**Exercise**
Through the line with "Woman's Beige Polyurethane Bag, , large" and starting from the first line, return the records below word for word, with pictures left out.

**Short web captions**
>>>>
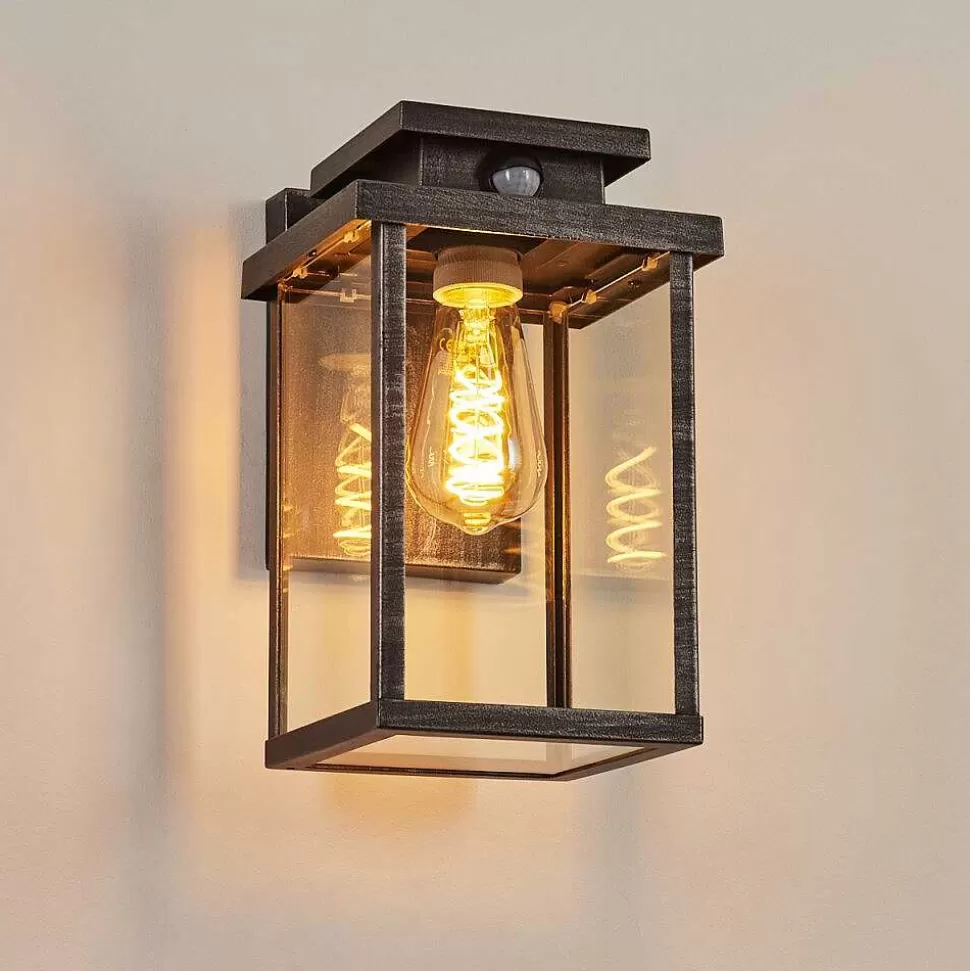 hofstein Lampes Extérieures Avec Detecteur>Applique Murale D'Exterieur Tieva Noir, Argente, 1 Lumiere, Detecteur De Mouvement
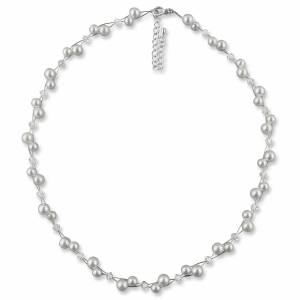 Edle Perlenkette, Perlen weiß creme, 925 Silber, Swarovski Strass, Perlen Collier, Brautschmuck, Perlen Kette Hochzeit Bild 2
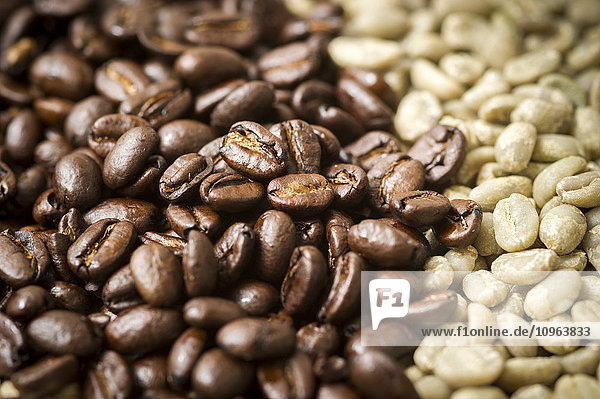 Detail von ungerösteten grünen Kaffeebohnen und braunen gerösteten Bohnen; Takoma Park  Maryland  Vereinigte Staaten von Amerika'.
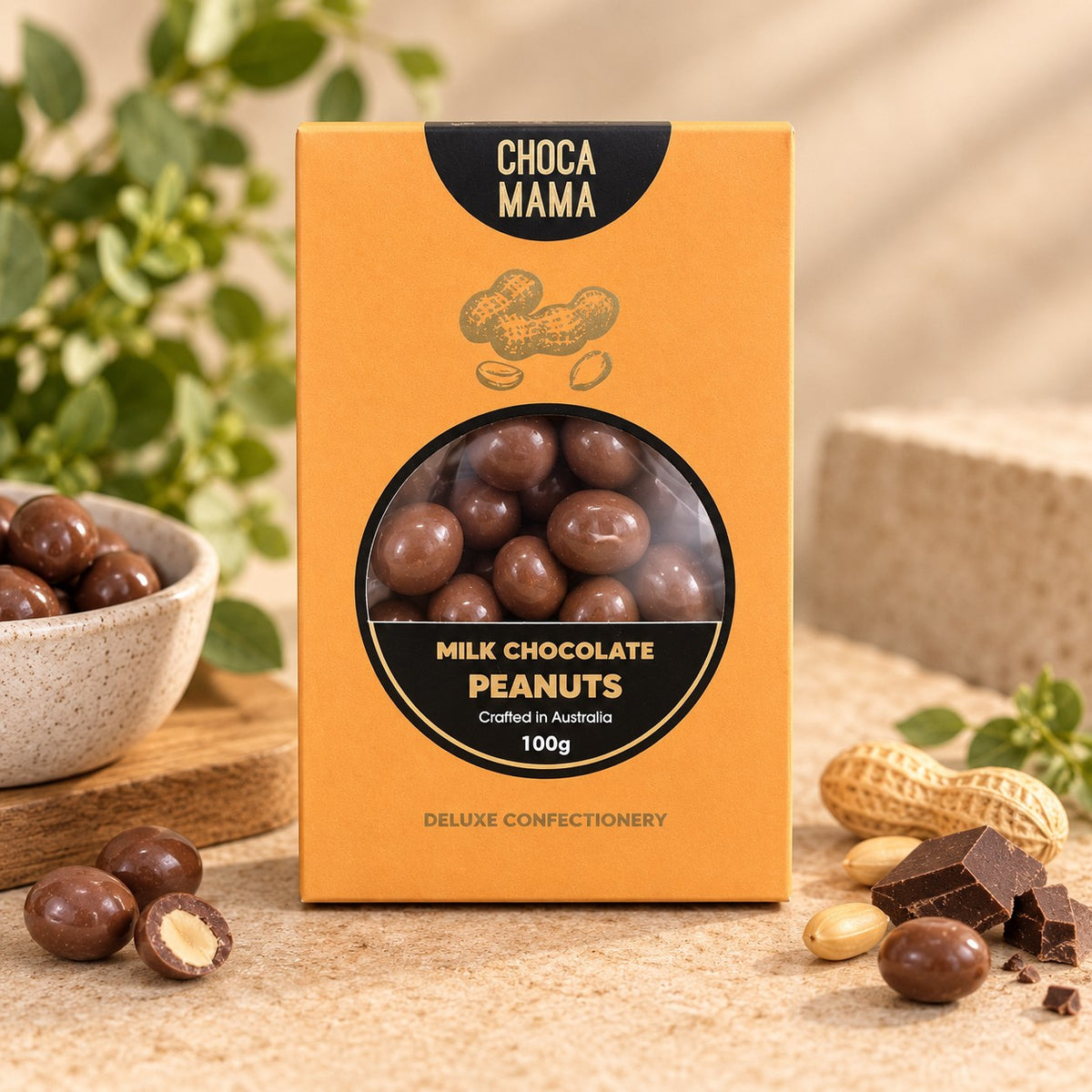 chocolate coated peanuts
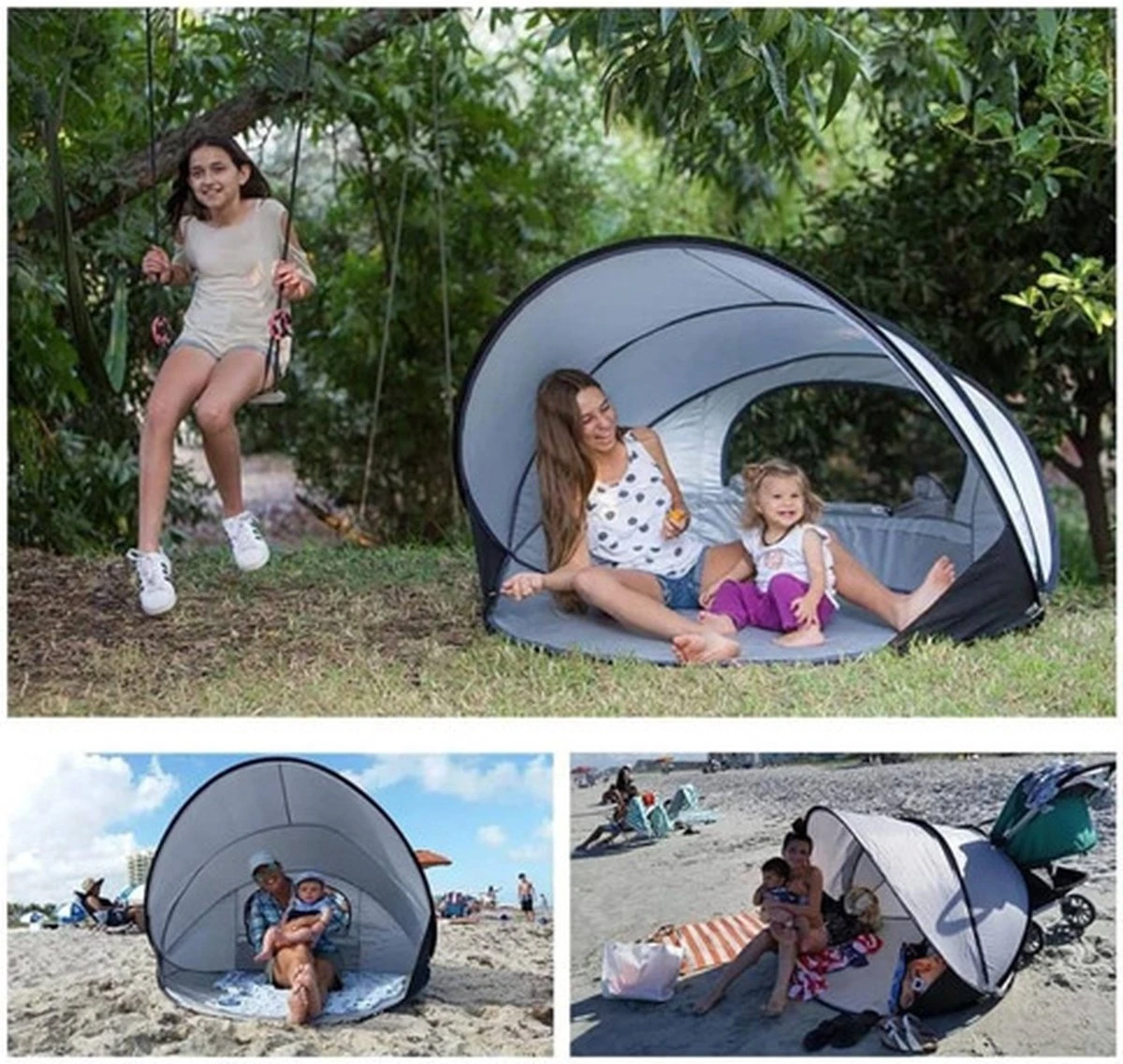 Deryan Luxe Pop Up Strandtent XXL - Anti-UV 50+ - Zilver 10 Deryan Luxe Pop Up Strandtent XXL - Anti-UV 50+ - Zilver - Afbeelding 10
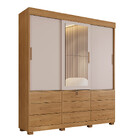 Guarda Roupa Casal Com Espelho 3 Portas De Correr 9 Gavetas C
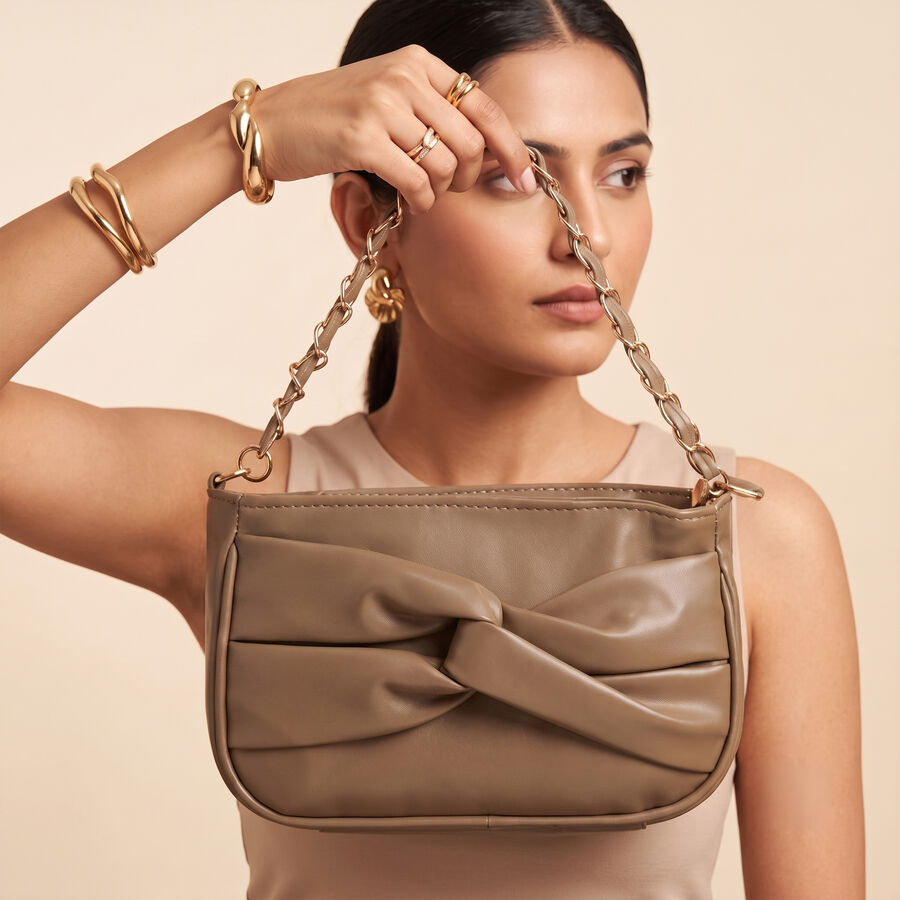 Woman's Beige Polyurethane Bag, , large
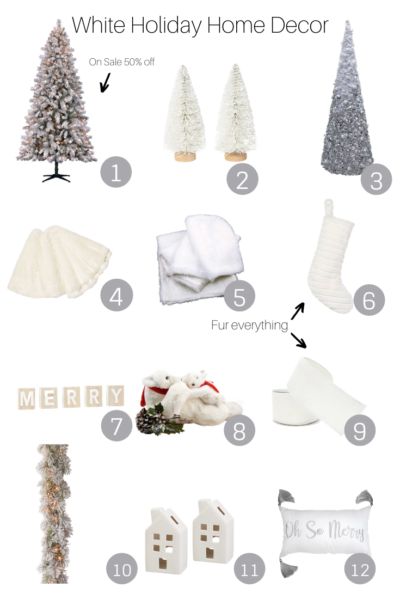 White Holiday Home Decor featured by popular US Style Blogger, The Fashionista Momma; collage of white home decor for the holidays.
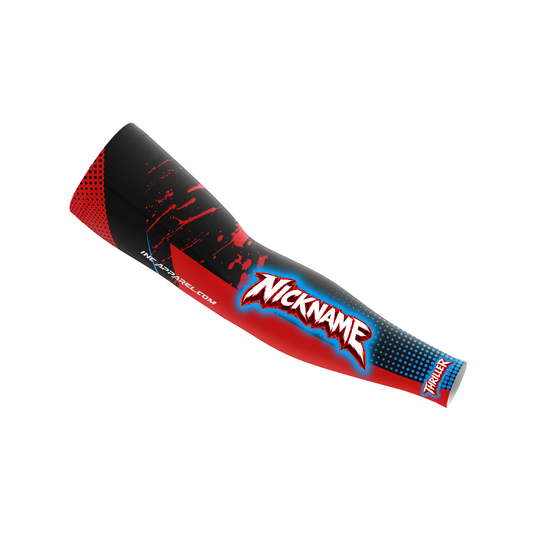 Thriller Red Blue Black Compression Sleeve from INC-APPAREL – performance arm sleeve for darts and pool players.
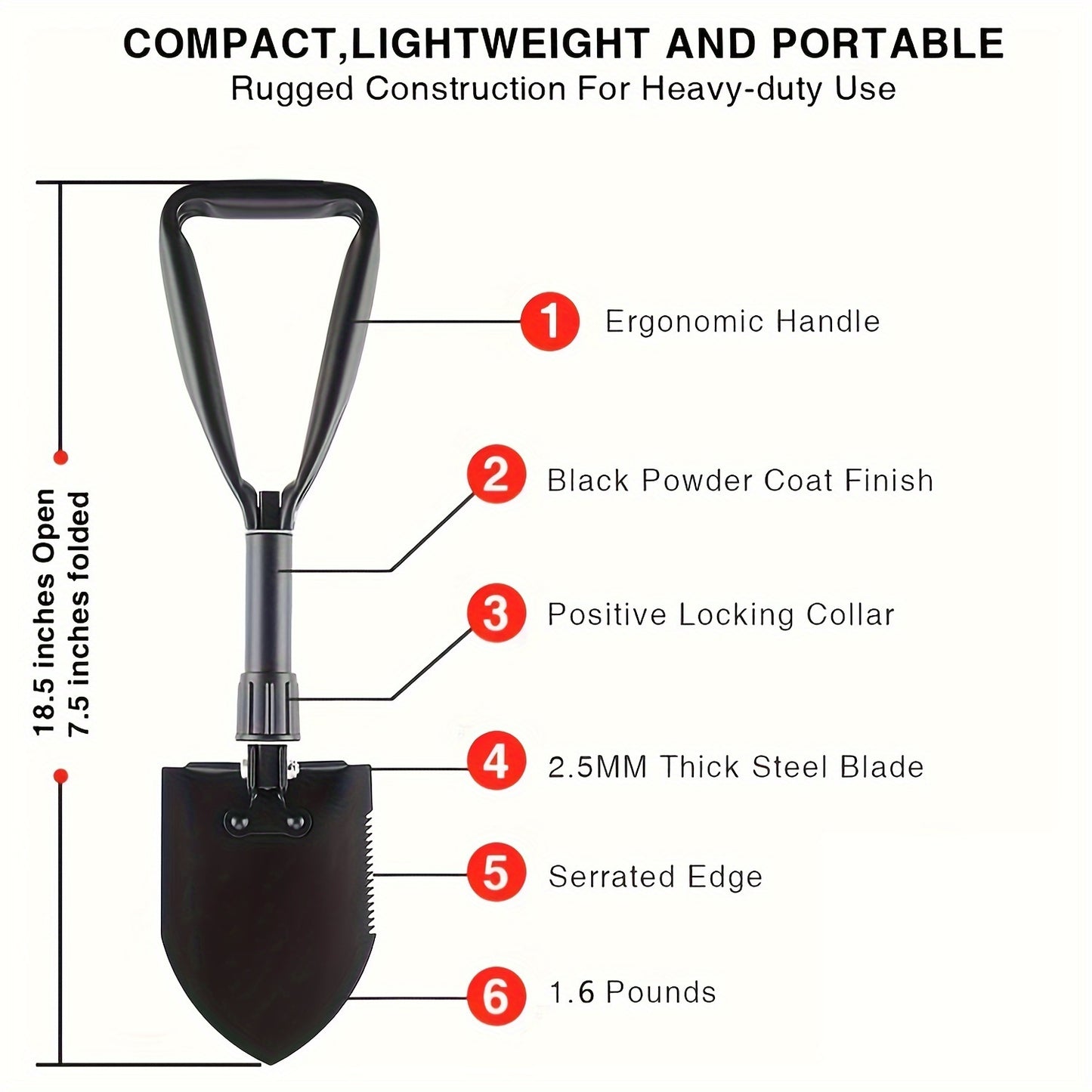 18.5" Folding Shovel, Portable Metal Snow Shovel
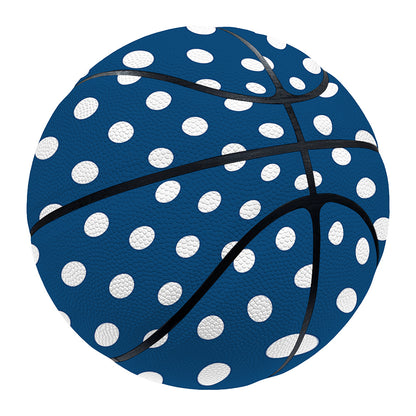 Navy And White Polka Dot Pattern Print Basketball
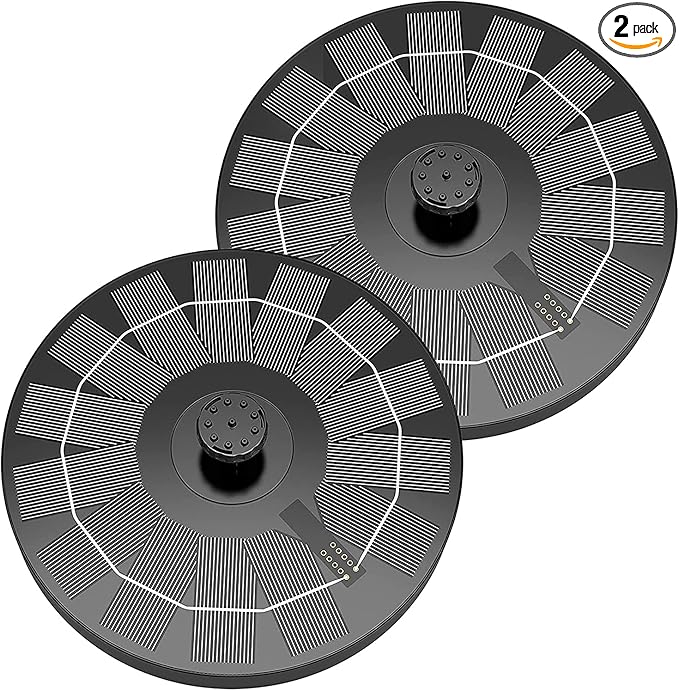 AISITIN 2.5W Solar Bird Bath Fountain, Solar Fountain for Bird Bath with 6 Nozzles, 6.7" Solar Powered Water Fountain for Garden, Ponds, Pool, Fish Tank, Outdoor and Aquarium, 2 Pack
<<<<
**Your solution**
 hofstein Lampes Extérieures Avec Detecteur>Applique Murale D'Exterieur Tieva Noir, Argente, 1 Lumiere, Detecteur De Mouvement
 Edle Perlenkette, Perlen weiß creme, 925 Silber, Swarovski Strass, Perlen Collier, Brautschmuck, Perlen Kette Hochzeit Bild 2
 Detail von ungerösteten grünen Kaffeebohnen und braunen gerösteten Bohnen; Takoma Park  Maryland  Vereinigte Staaten von Amerika'.
 chocolate coated peanuts
 Deryan Luxe Pop Up Strandtent XXL - Anti-UV 50+ - Zilver 10 Deryan Luxe Pop Up Strandtent XXL - Anti-UV 50+ - Zilver - Afbeelding 10
 Guarda Roupa Casal Com Espelho 3 Portas De Correr 9 Gavetas C
 Woman's Beige Polyurethane Bag, , large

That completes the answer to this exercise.